Our new VPS host bills its customers based on usage, in four categories: storage, memory, CPU, and network. Our old host charged a flat $28 a month for the tier of VPS we rented, and was a very capable host in terms of site performance. I would argue that performance is much better now. (though you may disagree from where you sit. If you do, I definitely want to hear from you via PM or replies to this post). I have been watching some tools on the server, and I've seen that the database is basically always running hot. I am starting to see why:
Code: Select all
$ wc -l access_kcrag.log
3579405 access_kcrag.log
That's 3.5 million hits, since Monday night.

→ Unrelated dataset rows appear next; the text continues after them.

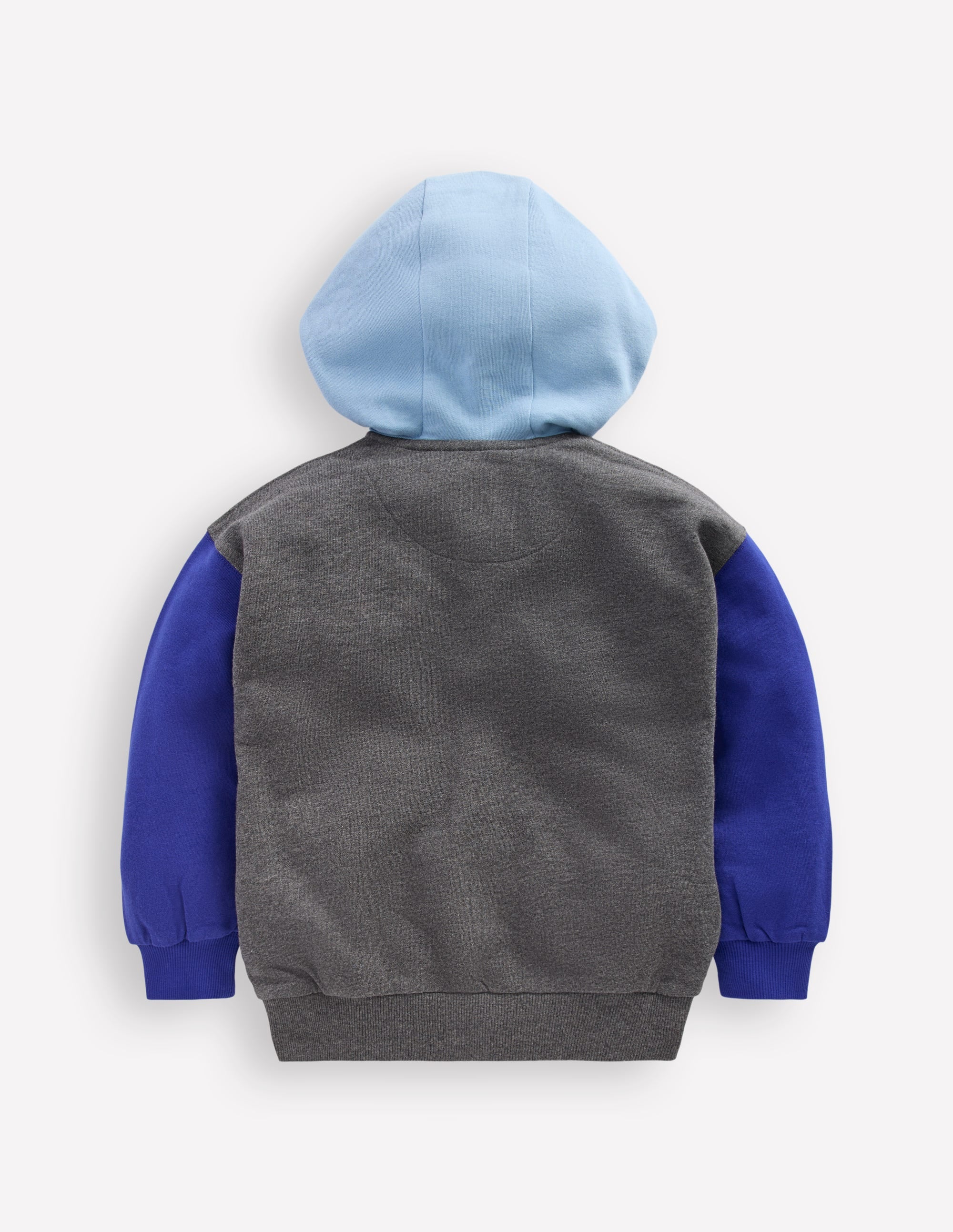 Colourblock Zip-through Hoodie-GREY MARL COLOURBLOCK - Image 2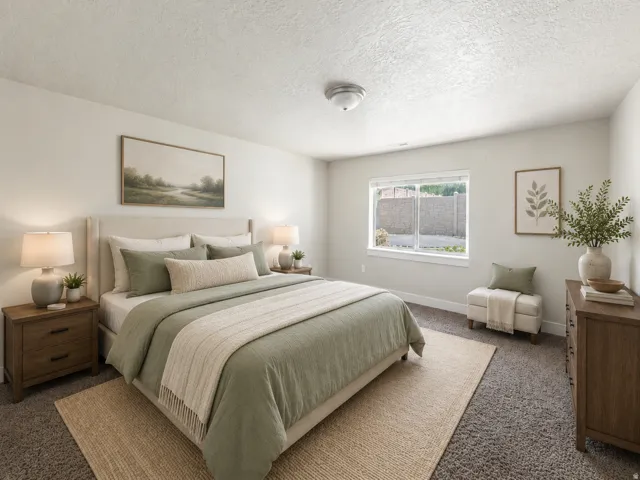 Spacious room featuring neutral wall tones and textured carpeting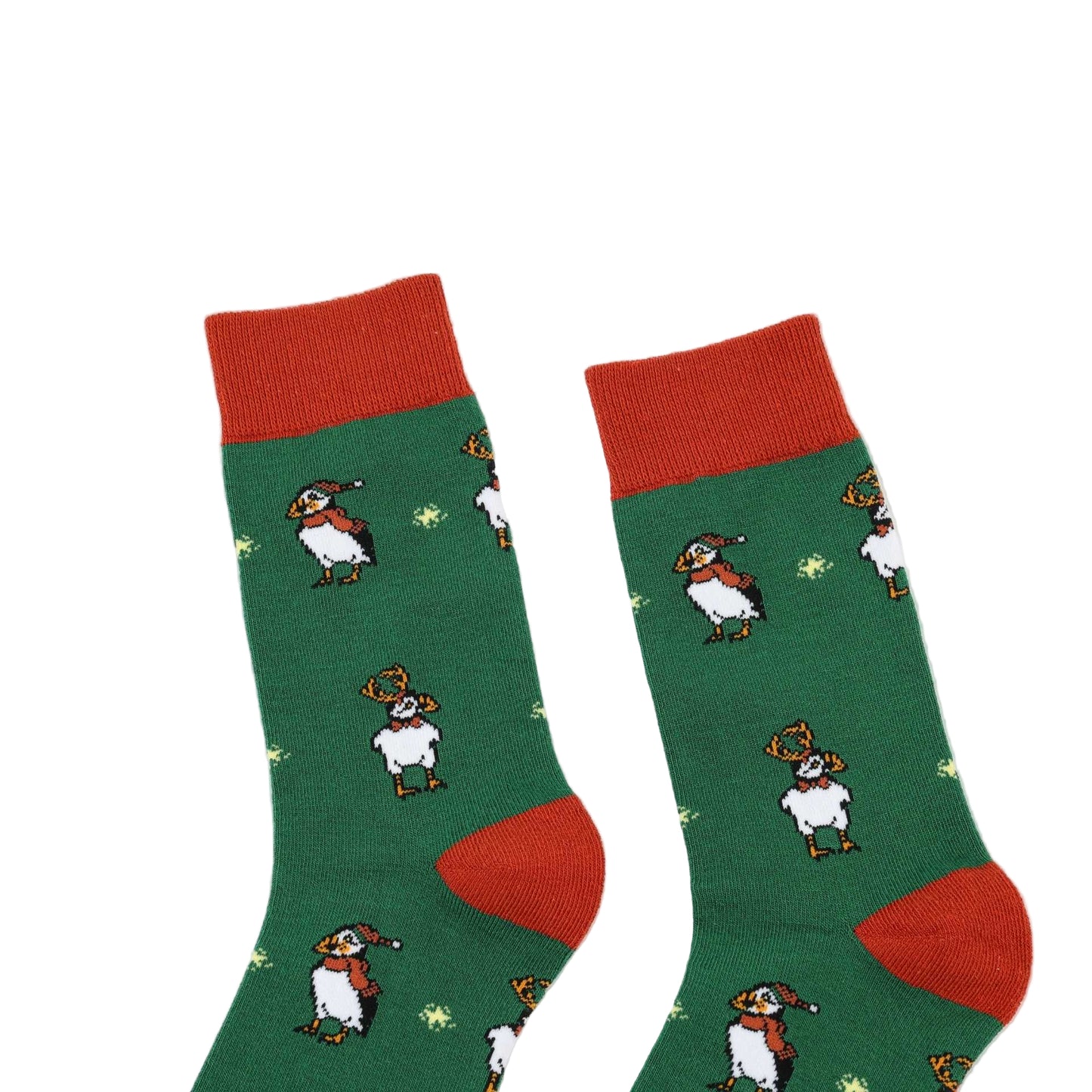 Green socks with red cuffs and toes featuring christmas puffins on a white background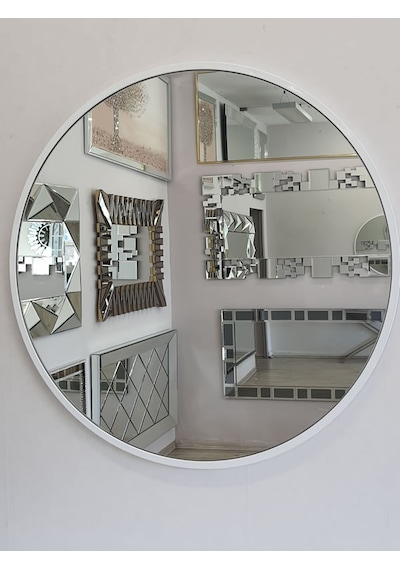 Ayna Denizi Circle Eighty White Model Beyaz Renk Metal Çerçeveli Yuvarlak Dekoratif Ayna Beyaz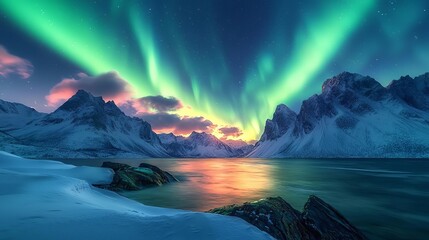 Naklejka premium Glowtime decorations Glowing aurora lights over a mountain range, capturing natural beauty, mountain majesty, serene landscape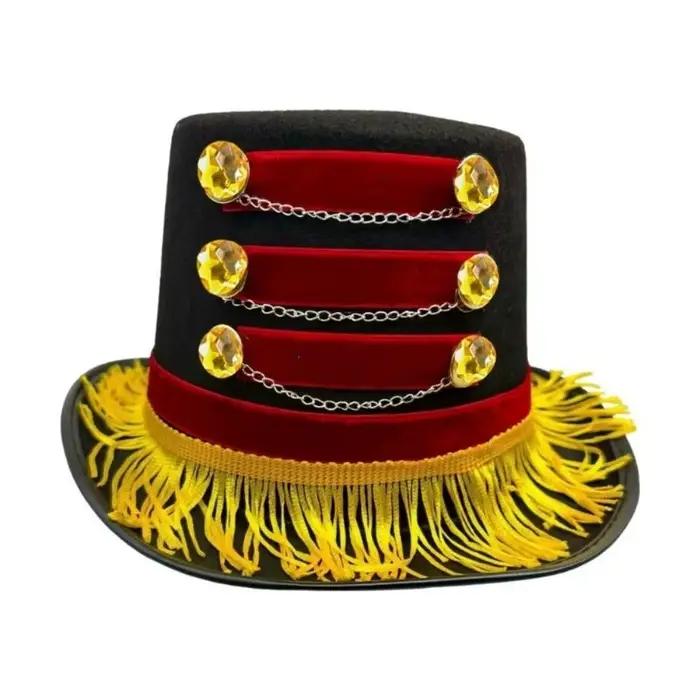 Chapeau Fascinator Vintage à Pompons, Franges Dorées, Chaînes Dorées, Chapeau de Cirque Noir, Style 
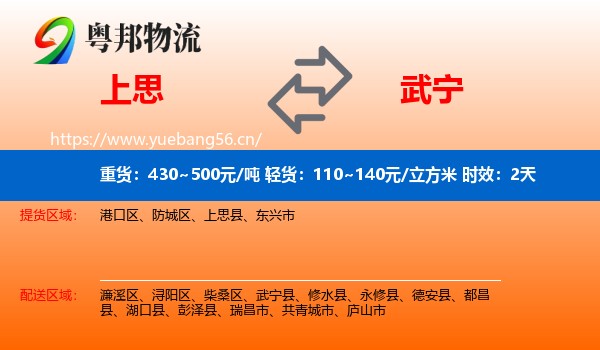上思到武宁县物流专线名片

When I watch the access log live, I see lots and lots of search bots, so I decided to see how many we're dealing with:
Code: Select all
$ for i in bing google semrush baidu duckduckgo amazon; do echo -n "$i: "; grep -iw $i access_kcrag.log | wc -l; done
bing: 36077
google: 4306
semrush: 4417
baidu: 17
duckduckgo: 121
amazon: 9
36k hits for bing, and under 10k for all other identified engines put together, since Monday night. There's another scraper called ClaudeBot that alone accounts for almost half a million hits. Over 1.4 million hits come from requests for the site without https.
868k requests for search from guests. I just disabled that as I've been composing this. That should hopefully provide at least
some relief to the database, but we'll see.
This is going to take some deeper investigation and some planning to address, but it appears the forum is a major target for web crawlers, which account for the vast majority of the site's traffic. I originally was writing this post to get your input on whether we want to actively block these bots, but the situation appears to be much more involved than that.
Any input anyone has would be appreciated.